Слова о серых зипунах — намек на земский собор. Говорят, Достоевский боялся, что цензура запретит эти слова. «Не пропустят — и все пропало», — восклицал он будто бы, в смертельной тревоге.
Пропустили, но это ничего не спасло. Кажется, впрочем, самим Достоевским чувствовалось что-то неладное в этих мыслях о доверии царя к народу, что-то похожее не столько на «адамантовое основание», сколько на ту бездну, над которой Медный всадник Россию «вздернул на дыбы».
«Я слуга царю. Еще больше буду слуга ему, когда он действительно поверит, что народ ему дети. Что-то очень уж долго не верит», — писал он в своей записной книжке за несколько дней до смерти.
Почему же так долго не верит и может ли вообще когда-нибудь поверить? — вот вопрос, который должен бы решить Достоевский, но не успел — умер. И только что он умер, грянуло 1 марта, первый громовой удар Великой русской революции.
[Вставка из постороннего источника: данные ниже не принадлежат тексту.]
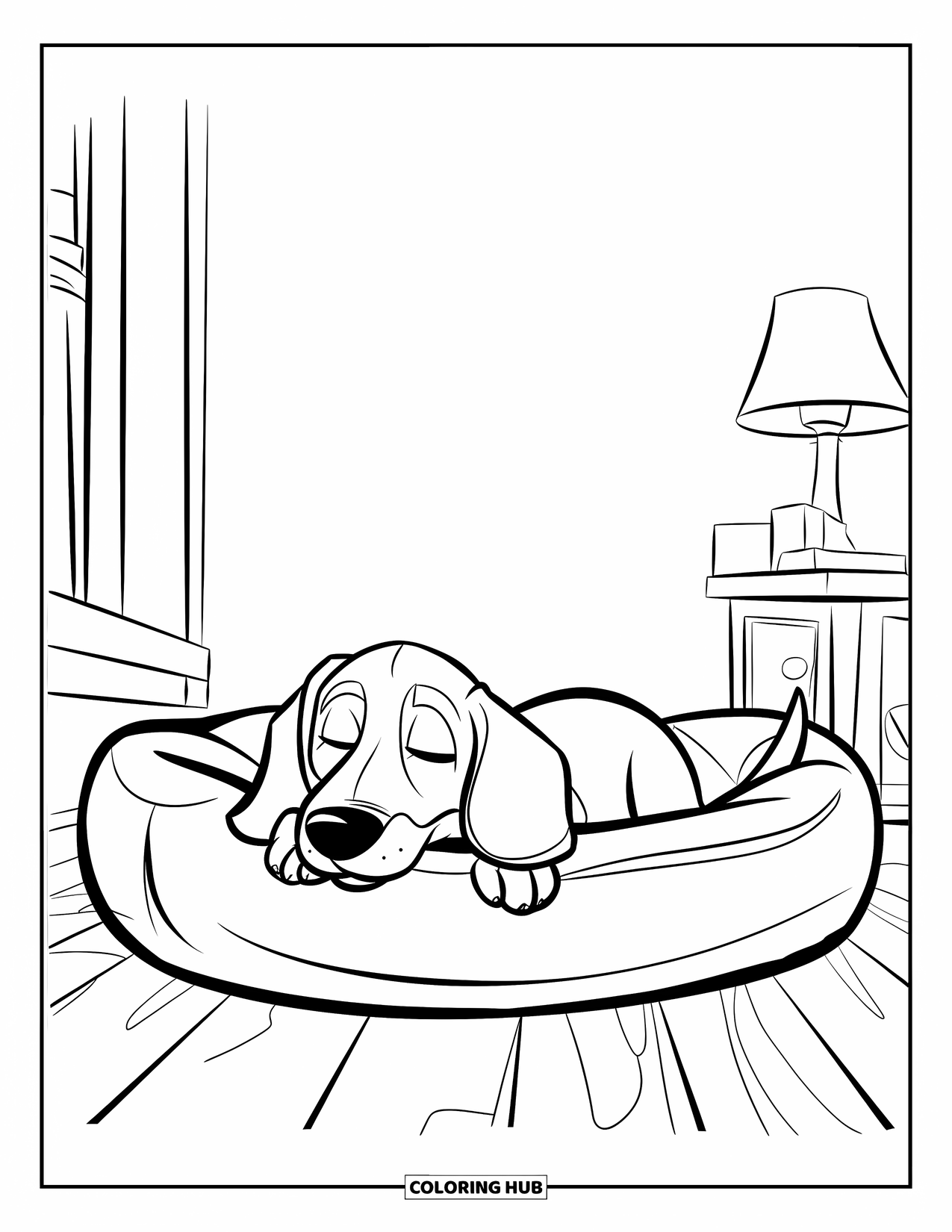 Dachshund Coloring Page for Kids: Pup sleeps on a soft bed near a window and lamp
Четверть века эта гроза собиралась и разразилась, наконец, только теперь, накануне двадцатипятилетней тризны Достоевского.
Народ все ждал, когда-то царь поверит и, может быть, думал, как Достоевский: «что-то уж очень долго не верит». Народ не дождался царя: царь не пошел к народу, и тогда народ пошел к царю.
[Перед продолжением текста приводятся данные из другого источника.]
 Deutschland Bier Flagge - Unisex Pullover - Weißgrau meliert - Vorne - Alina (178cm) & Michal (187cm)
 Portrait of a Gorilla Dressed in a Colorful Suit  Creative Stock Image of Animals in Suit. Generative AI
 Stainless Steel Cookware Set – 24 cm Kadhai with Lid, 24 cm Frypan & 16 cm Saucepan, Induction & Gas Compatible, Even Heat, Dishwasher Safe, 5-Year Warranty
Девятого января 1905 года, в лице сотен тысяч русских рабочих, которые шли по петербургским улицам на площадь Зимнего Дворца, с детьми и женами, с образами и хоругвями, весь русский народ шел к царю своему, как дети к отцу, с верою в него, как в самого Христа Спасителя. «Такому ли народу отказать в доверии?» Казалось бы, стоило только ответить верой на веру — и совершилось бы чудо любви, чудо соединения царя с народом. Казалось бы так, по Достоевскому. Но, увы, мы знаем, что произошло и чем ответила власть народу, любовь отчая детской мольбе. Народоубийством, детоубийством. И в том вина — не какого-либо отдельного самодержца, а всего «православного самодержавия», всего «христианского государства», от Константина Великого до наших дней.
И лицо русской земли залито русской кровью. И под личиной Христа народ увидел лицо зверя.
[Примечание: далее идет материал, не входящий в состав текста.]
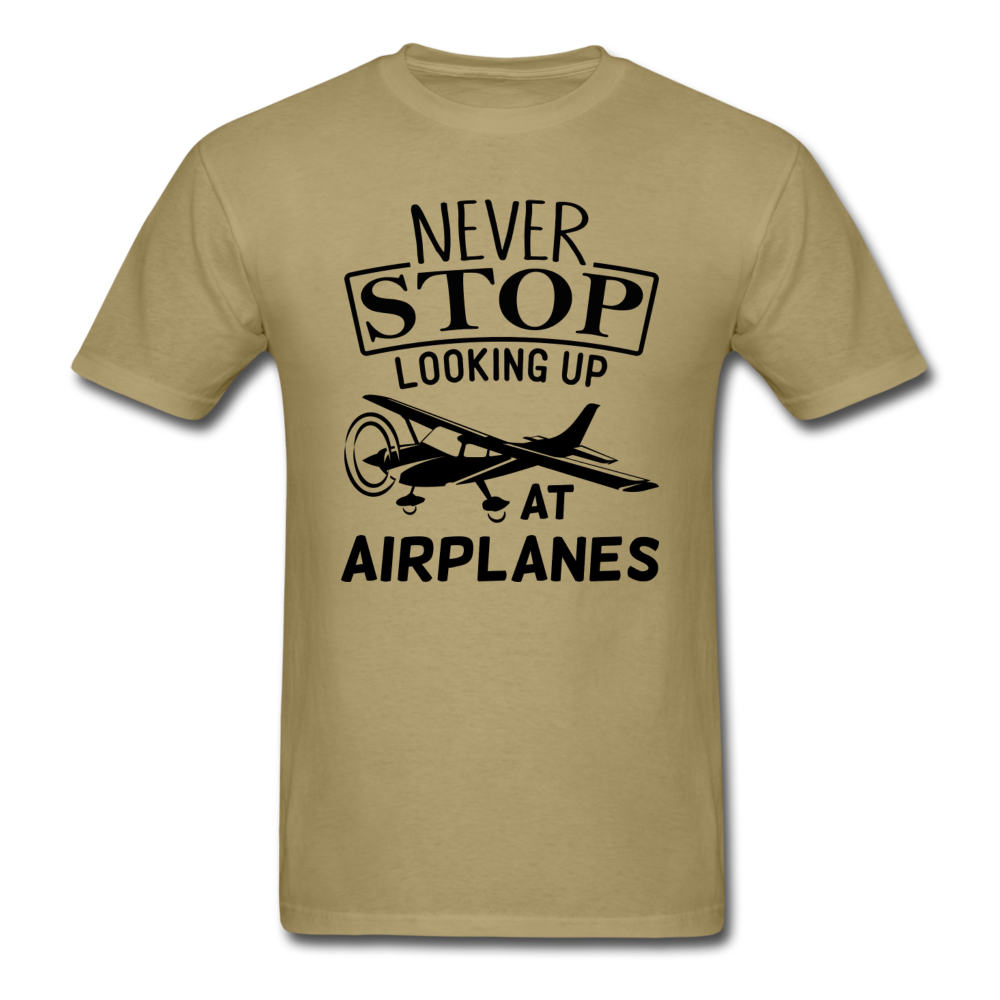 Newber Stop Looking Up At Airplanes - Black - Unisex Classic T-Shirt - khaki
«Зверь идет! Антихрист идет!» — если бы теперь снова, услышав этот вещий крик, Достоевский, как некогда маленький Федя, бросился к мужику Марею, то нашел ли бы у него защиту? И не оказался ли бы сам он, мужик Марей, то есть весь русский народ, в таком же беспомощном ужасе, как Достоевский, перед грядущим зверем?
Ибо что такое в своих последних религиозных и метафизических основах вера православного народа в православного царя? В самодержавие народ верит, как в последнее соединение крестьянства с христианством, правды о земле с правдой о небе: царь будто бы даст народу землю и установит правду Божию на земле, соединит человеческое с Божеским в богочеловеческое или человекобожеское, — это не решено, не отвечено и даже не спрошено. Но самая возможность такого вопроса указывает на опасность страшного соблазна и смешения в идее самодержавия: ведь ежели действительно русский царь призван соединить земное с небесным, человеческое с Божеским, значит, это соединение еще не совершилось во Христе пришедшем, в Богочеловеке, и русскому самодержцу предназначено исполнить то, чего будто бы не исполнил Христос; значит, русский царь, разумеется, не какой-либо пришедший, а грядущий царь, кесарь Третьего Рима, новой всемирной монархии и есть «русский Христос, еще миру неведомый», как и утверждает сам Достоевский: «Россия воскресит Европу русским Христом, еще миру неведомым». И по другой формуле: «Бог есть синтетическая личность народа», а «русский царь есть воплощение личности русского народа», выходит опять-таки, что «русский Бог», «русский Христос» есть русский царь. Но ведь это уже не христианство, а хлыстовство. От веры в Мессию народного, воплощенного в целом народе-богоносце, к вере во Христа, воплощенного в отдельном человеке-богоносце, в царе — то есть от жидовства к хлыстовству — таков путь Достоевского от православия к самодержавию.